Jordan Rhodes (21), originally from Newcastle, lived in the house for two months due to "desperation".
He said that when an electrician called round one day, he told the tenants that if he had not fixed a problem with the fuse box, the house "could have been burned to the ground".
"When I moved in, there were around 40 people living there, mostly South American and Eastern European," he added.
"When I left, there were around 70, after they put more bunk beds in the basement.
"There are extension leads all over the house because there are so many people living there.
"I was told that the house was cleaned three to four times per week and that bin bags and toilet roll would be provided at all times, which of course wasn't the case."
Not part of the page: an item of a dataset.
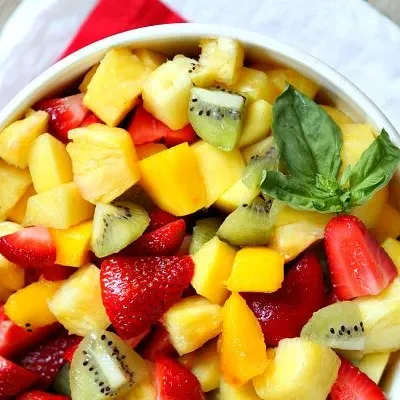 Basil Lime Fruit Salad Cooking Light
A man who works for the property company uses the name "Dyl O'Reilly" to advertise properties on Facebook.
"It's not great, I wouldn't even show it to you as you're Irish," he said when asked if it would be possible to rent the house in Cabinteely for €200 a month.
Another property managed by the company, in the Rathmines area, has between 20 and 40 people living there - all females. The owner of the property denied any knowledge of this and advised us to take the matter up with the management company.
The properties in Cabinteely and Rathmines are not registered with the Residential Tenancies Board.
It is not known exactly how many houses the company is managing across Dublin.
The firm is run by a father and son. The son has denied any involvement in the properties and said that, as of two weeks ago, the company had been passed over to new owners.